* **INSTRUCTIONS TO FOLLOW**
Set every entry down again precisely.

Segment Open

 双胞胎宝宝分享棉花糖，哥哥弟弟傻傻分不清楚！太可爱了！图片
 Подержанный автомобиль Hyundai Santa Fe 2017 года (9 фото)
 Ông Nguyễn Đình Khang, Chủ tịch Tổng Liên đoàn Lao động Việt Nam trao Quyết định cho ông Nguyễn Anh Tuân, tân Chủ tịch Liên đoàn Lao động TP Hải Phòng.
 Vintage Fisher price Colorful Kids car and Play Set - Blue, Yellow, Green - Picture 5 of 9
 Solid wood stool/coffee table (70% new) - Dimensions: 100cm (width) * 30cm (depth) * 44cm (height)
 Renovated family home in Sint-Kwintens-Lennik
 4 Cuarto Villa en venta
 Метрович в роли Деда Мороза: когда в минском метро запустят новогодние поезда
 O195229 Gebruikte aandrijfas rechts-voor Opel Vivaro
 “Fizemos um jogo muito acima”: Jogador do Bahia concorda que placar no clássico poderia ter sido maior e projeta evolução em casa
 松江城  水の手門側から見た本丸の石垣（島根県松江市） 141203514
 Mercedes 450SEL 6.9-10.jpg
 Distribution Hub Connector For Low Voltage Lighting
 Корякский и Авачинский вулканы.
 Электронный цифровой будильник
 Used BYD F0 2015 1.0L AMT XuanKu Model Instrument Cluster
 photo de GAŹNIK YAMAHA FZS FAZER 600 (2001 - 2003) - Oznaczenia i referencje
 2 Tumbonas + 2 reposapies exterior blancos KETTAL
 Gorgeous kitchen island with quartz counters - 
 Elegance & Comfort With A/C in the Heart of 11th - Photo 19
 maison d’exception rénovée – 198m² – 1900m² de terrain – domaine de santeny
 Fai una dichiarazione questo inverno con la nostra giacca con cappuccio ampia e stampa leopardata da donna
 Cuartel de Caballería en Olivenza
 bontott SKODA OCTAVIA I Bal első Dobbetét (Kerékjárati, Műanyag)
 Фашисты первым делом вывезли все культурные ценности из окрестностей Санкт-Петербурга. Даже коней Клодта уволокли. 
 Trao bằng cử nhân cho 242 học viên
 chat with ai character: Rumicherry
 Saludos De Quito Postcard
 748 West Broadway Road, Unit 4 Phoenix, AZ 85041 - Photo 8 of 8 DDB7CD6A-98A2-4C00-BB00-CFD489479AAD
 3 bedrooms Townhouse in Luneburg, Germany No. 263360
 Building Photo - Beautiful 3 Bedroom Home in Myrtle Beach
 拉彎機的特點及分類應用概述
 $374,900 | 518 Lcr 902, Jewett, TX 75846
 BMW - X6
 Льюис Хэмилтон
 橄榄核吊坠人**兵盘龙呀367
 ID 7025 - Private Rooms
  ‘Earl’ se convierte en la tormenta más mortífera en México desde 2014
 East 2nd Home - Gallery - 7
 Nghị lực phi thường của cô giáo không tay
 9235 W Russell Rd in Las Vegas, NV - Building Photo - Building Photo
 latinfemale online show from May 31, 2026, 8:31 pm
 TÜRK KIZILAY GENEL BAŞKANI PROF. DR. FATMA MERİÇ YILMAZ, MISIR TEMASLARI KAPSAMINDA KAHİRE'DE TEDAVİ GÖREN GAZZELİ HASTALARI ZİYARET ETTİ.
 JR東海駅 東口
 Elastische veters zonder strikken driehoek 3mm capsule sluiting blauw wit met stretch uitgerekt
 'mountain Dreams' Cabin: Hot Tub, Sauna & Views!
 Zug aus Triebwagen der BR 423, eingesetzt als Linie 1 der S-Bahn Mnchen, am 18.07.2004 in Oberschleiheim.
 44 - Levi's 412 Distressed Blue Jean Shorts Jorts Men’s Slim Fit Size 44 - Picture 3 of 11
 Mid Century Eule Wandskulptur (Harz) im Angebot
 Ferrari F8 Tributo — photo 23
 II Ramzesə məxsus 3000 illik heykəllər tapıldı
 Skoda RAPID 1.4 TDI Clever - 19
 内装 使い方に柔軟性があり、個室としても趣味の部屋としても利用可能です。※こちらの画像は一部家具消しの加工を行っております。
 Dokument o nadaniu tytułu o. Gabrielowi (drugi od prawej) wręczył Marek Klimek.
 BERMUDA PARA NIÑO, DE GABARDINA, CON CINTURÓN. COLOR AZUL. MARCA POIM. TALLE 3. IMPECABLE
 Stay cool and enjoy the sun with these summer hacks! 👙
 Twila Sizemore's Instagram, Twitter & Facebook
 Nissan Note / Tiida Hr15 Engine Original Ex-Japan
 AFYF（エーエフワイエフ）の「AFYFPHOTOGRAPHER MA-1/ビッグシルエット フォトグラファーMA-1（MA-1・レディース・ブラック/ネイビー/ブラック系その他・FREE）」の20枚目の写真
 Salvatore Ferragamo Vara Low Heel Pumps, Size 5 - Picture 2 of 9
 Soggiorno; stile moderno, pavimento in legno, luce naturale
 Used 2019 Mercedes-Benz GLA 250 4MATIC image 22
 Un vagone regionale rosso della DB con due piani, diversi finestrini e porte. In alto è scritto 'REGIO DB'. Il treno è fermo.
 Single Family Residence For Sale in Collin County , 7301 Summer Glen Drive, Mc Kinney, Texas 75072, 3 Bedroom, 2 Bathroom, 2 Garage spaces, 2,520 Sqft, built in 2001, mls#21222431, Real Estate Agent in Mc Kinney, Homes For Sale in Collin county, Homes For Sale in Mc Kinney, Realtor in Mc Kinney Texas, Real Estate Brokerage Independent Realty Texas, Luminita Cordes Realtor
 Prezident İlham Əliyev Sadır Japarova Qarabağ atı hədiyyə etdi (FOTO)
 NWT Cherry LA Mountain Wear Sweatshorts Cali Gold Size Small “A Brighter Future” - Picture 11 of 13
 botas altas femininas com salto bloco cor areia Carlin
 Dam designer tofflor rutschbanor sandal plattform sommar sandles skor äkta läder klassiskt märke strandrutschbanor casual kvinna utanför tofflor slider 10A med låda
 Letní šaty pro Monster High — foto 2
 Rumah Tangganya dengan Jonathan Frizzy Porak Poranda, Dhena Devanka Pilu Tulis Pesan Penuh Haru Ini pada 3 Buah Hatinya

Segment Closed

* **SOLUTION BELOW**
 双胞胎宝宝分享棉花糖，哥哥弟弟傻傻分不清楚！太可爱了！图片
 Подержанный автомобиль Hyundai Santa Fe 2017 года (9 фото)
 Ông Nguyễn Đình Khang, Chủ tịch Tổng Liên đoàn Lao động Việt Nam trao Quyết định cho ông Nguyễn Anh Tuân, tân Chủ tịch Liên đoàn Lao động TP Hải Phòng.
 Vintage Fisher price Colorful Kids car and Play Set - Blue, Yellow, Green - Picture 5 of 9
 Solid wood stool/coffee table (70% new) - Dimensions: 100cm (width) * 30cm (depth) * 44cm (height)
 Renovated family home in Sint-Kwintens-Lennik
 4 Cuarto Villa en venta
 Метрович в роли Деда Мороза: когда в минском метро запустят новогодние поезда
 O195229 Gebruikte aandrijfas rechts-voor Opel Vivaro
 “Fizemos um jogo muito acima”: Jogador do Bahia concorda que placar no clássico poderia ter sido maior e projeta evolução em casa
 松江城  水の手門側から見た本丸の石垣（島根県松江市） 141203514
 Mercedes 450SEL 6.9-10.jpg
 Distribution Hub Connector For Low Voltage Lighting
 Корякский и Авачинский вулканы.
 Электронный цифровой будильник
 Used BYD F0 2015 1.0L AMT XuanKu Model Instrument Cluster
 photo de GAŹNIK YAMAHA FZS FAZER 600 (2001 - 2003) - Oznaczenia i referencje
 2 Tumbonas + 2 reposapies exterior blancos KETTAL
 Gorgeous kitchen island with quartz counters - 
 Elegance & Comfort With A/C in the Heart of 11th - Photo 19
 maison d’exception rénovée – 198m² – 1900m² de terrain – domaine de santeny
 Fai una dichiarazione questo inverno con la nostra giacca con cappuccio ampia e stampa leopardata da donna
 Cuartel de Caballería en Olivenza
 bontott SKODA OCTAVIA I Bal első Dobbetét (Kerékjárati, Műanyag)
 Фашисты первым делом вывезли все культурные ценности из окрестностей Санкт-Петербурга. Даже коней Клодта уволокли. 
 Trao bằng cử nhân cho 242 học viên
 chat with ai character: Rumicherry
 Saludos De Quito Postcard
 748 West Broadway Road, Unit 4 Phoenix, AZ 85041 - Photo 8 of 8 DDB7CD6A-98A2-4C00-BB00-CFD489479AAD
 3 bedrooms Townhouse in Luneburg, Germany No. 263360
 Building Photo - Beautiful 3 Bedroom Home in Myrtle Beach
 拉彎機的特點及分類應用概述
 $374,900 | 518 Lcr 902, Jewett, TX 75846
 BMW - X6
 Льюис Хэмилтон
 橄榄核吊坠人**兵盘龙呀367
 ID 7025 - Private Rooms
  ‘Earl’ se convierte en la tormenta más mortífera en México desde 2014
 East 2nd Home - Gallery - 7
 Nghị lực phi thường của cô giáo không tay
 9235 W Russell Rd in Las Vegas, NV - Building Photo - Building Photo
 latinfemale online show from May 31, 2026, 8:31 pm
 TÜRK KIZILAY GENEL BAŞKANI PROF. DR. FATMA MERİÇ YILMAZ, MISIR TEMASLARI KAPSAMINDA KAHİRE'DE TEDAVİ GÖREN GAZZELİ HASTALARI ZİYARET ETTİ.
 JR東海駅 東口
 Elastische veters zonder strikken driehoek 3mm capsule sluiting blauw wit met stretch uitgerekt
 'mountain Dreams' Cabin: Hot Tub, Sauna & Views!
 Zug aus Triebwagen der BR 423, eingesetzt als Linie 1 der S-Bahn Mnchen, am 18.07.2004 in Oberschleiheim.
 44 - Levi's 412 Distressed Blue Jean Shorts Jorts Men’s Slim Fit Size 44 - Picture 3 of 11
 Mid Century Eule Wandskulptur (Harz) im Angebot
 Ferrari F8 Tributo — photo 23
 II Ramzesə məxsus 3000 illik heykəllər tapıldı
 Skoda RAPID 1.4 TDI Clever - 19
 内装 使い方に柔軟性があり、個室としても趣味の部屋としても利用可能です。※こちらの画像は一部家具消しの加工を行っております。
 Dokument o nadaniu tytułu o. Gabrielowi (drugi od prawej) wręczył Marek Klimek.
 BERMUDA PARA NIÑO, DE GABARDINA, CON CINTURÓN. COLOR AZUL. MARCA POIM. TALLE 3. IMPECABLE
 Stay cool and enjoy the sun with these summer hacks! 👙
 Twila Sizemore's Instagram, Twitter & Facebook
 Nissan Note / Tiida Hr15 Engine Original Ex-Japan
 AFYF（エーエフワイエフ）の「AFYFPHOTOGRAPHER MA-1/ビッグシルエット フォトグラファーMA-1（MA-1・レディース・ブラック/ネイビー/ブラック系その他・FREE）」の20枚目の写真
 Salvatore Ferragamo Vara Low Heel Pumps, Size 5 - Picture 2 of 9
 Soggiorno; stile moderno, pavimento in legno, luce naturale
 Used 2019 Mercedes-Benz GLA 250 4MATIC image 22
 Un vagone regionale rosso della DB con due piani, diversi finestrini e porte. In alto è scritto 'REGIO DB'. Il treno è fermo.
 Single Family Residence For Sale in Collin County , 7301 Summer Glen Drive, Mc Kinney, Texas 75072, 3 Bedroom, 2 Bathroom, 2 Garage spaces, 2,520 Sqft, built in 2001, mls#21222431, Real Estate Agent in Mc Kinney, Homes For Sale in Collin county, Homes For Sale in Mc Kinney, Realtor in Mc Kinney Texas, Real Estate Brokerage Independent Realty Texas, Luminita Cordes Realtor
 Prezident İlham Əliyev Sadır Japarova Qarabağ atı hədiyyə etdi (FOTO)
 NWT Cherry LA Mountain Wear Sweatshorts Cali Gold Size Small “A Brighter Future” - Picture 11 of 13
 botas altas femininas com salto bloco cor areia Carlin
 Dam designer tofflor rutschbanor sandal plattform sommar sandles skor äkta läder klassiskt märke strandrutschbanor casual kvinna utanför tofflor slider 10A med låda
 Letní šaty pro Monster High — foto 2
 Rumah Tangganya dengan Jonathan Frizzy Porak Poranda, Dhena Devanka Pilu Tulis Pesan Penuh Haru Ini pada 3 Buah Hatinya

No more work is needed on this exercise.